## WHAT TO PRODUCE
What you produce should match the records below precisely, except that images are removed.

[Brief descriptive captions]
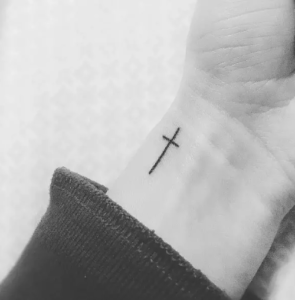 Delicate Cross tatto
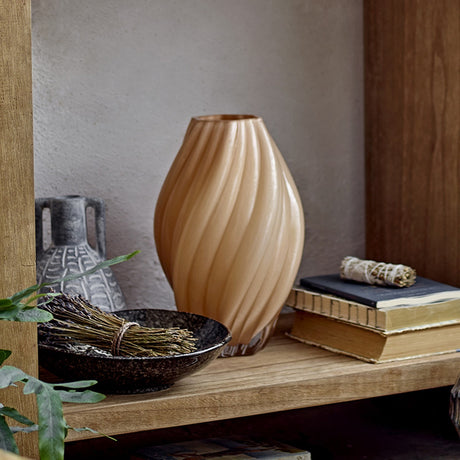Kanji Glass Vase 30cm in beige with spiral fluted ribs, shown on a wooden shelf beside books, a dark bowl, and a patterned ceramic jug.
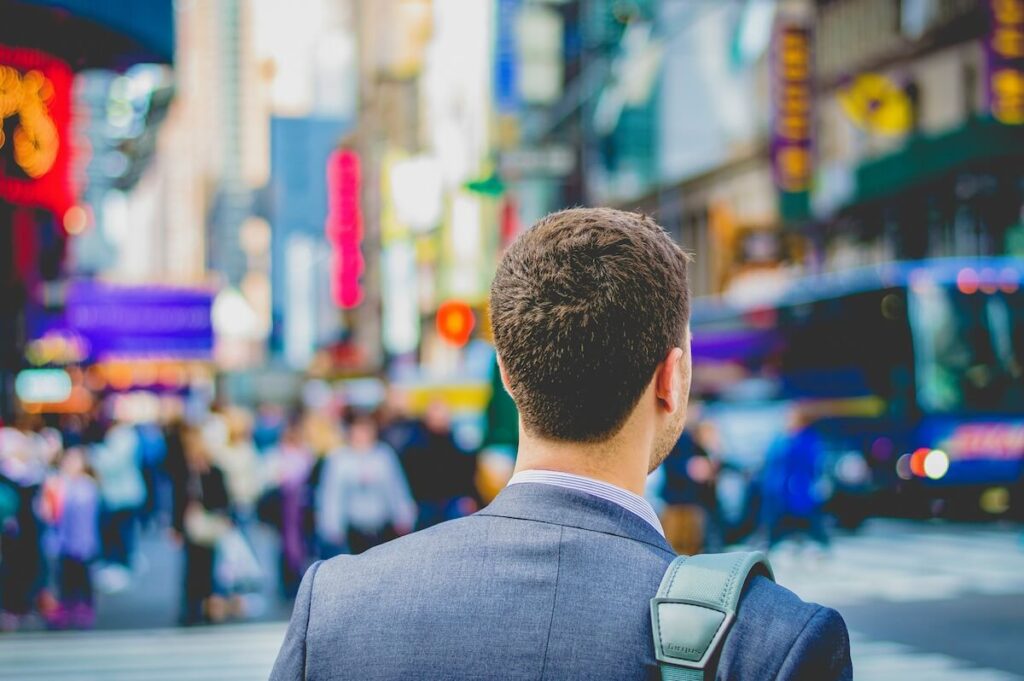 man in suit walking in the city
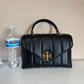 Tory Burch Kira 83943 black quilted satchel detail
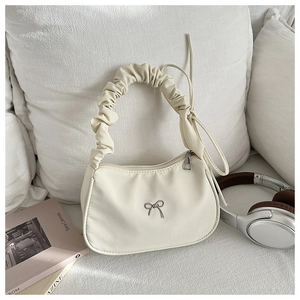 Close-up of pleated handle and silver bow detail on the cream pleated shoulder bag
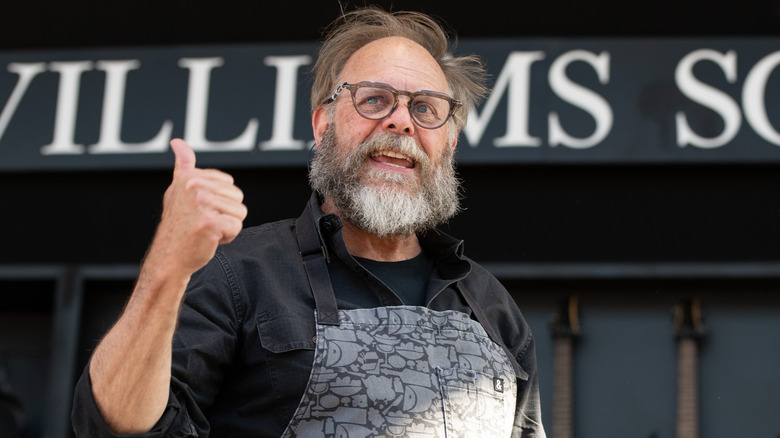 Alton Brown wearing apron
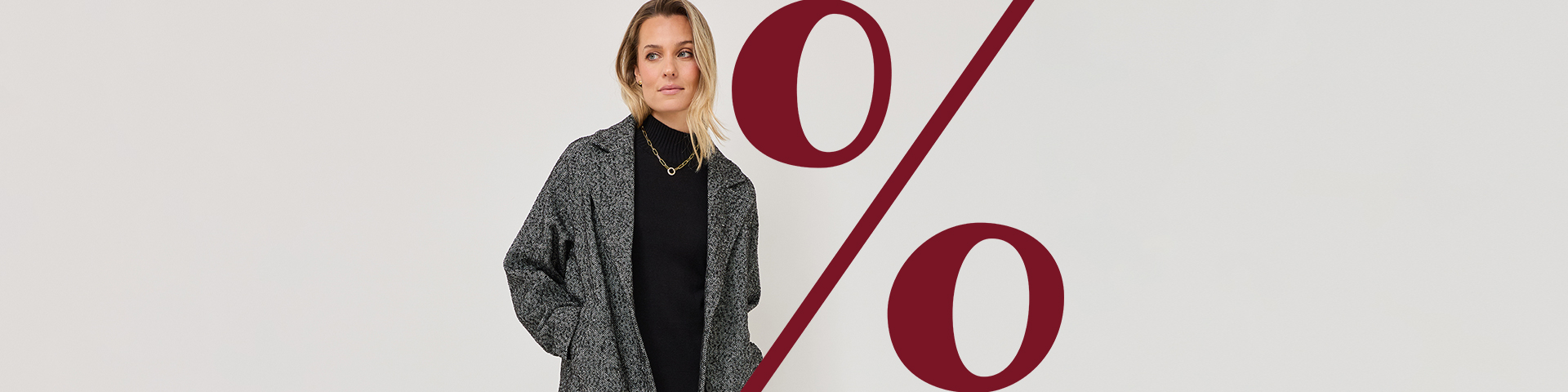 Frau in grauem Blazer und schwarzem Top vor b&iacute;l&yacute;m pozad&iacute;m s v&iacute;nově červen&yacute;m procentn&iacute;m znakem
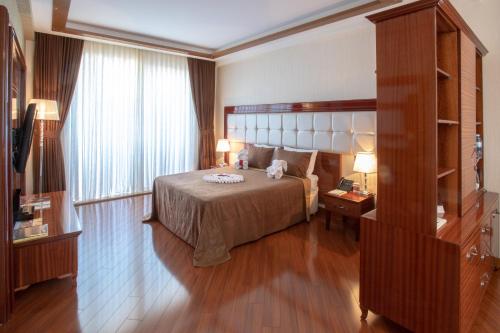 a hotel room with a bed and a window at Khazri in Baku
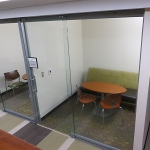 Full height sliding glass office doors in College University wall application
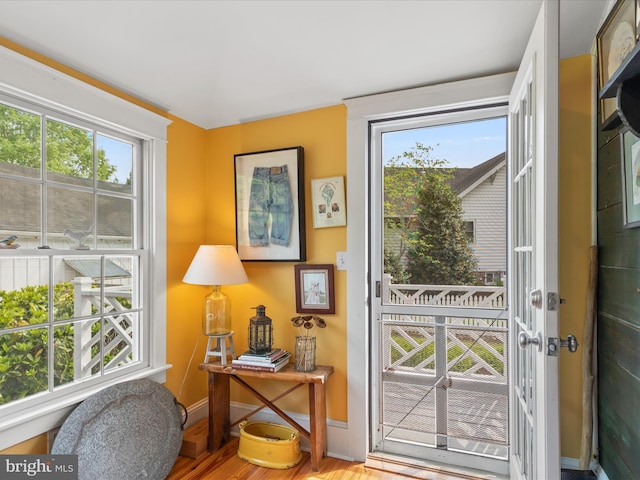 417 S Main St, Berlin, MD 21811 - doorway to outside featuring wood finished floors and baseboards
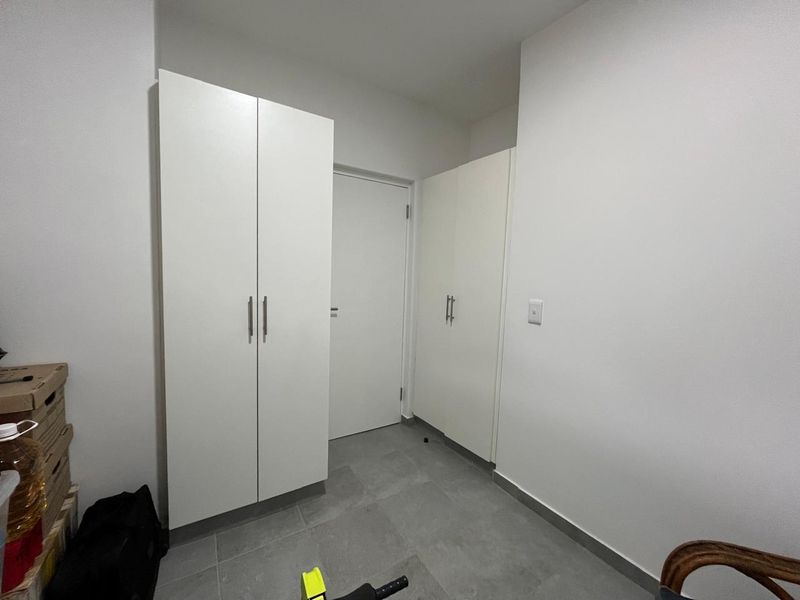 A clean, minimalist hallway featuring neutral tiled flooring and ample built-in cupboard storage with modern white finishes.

## RESPONSE TO THE TASK
 Delicate Cross tatto
Kanji Glass Vase 30cm in beige with spiral fluted ribs, shown on a wooden shelf beside books, a dark bowl, and a patterned ceramic jug.
 man in suit walking in the city
 Tory Burch Kira 83943 black quilted satchel detail
 Close-up of pleated handle and silver bow detail on the cream pleated shoulder bag
 Alton Brown wearing apron
 Frau in grauem Blazer und schwarzem Top vor b&iacute;l&yacute;m pozad&iacute;m s v&iacute;nově červen&yacute;m procentn&iacute;m znakem
 a hotel room with a bed and a window at Khazri in Baku
 Full height sliding glass office doors in College University wall application
 417 S Main St, Berlin, MD 21811 - doorway to outside featuring wood finished floors and baseboards
 A clean, minimalist hallway featuring neutral tiled flooring and ample built-in cupboard storage with modern white finishes.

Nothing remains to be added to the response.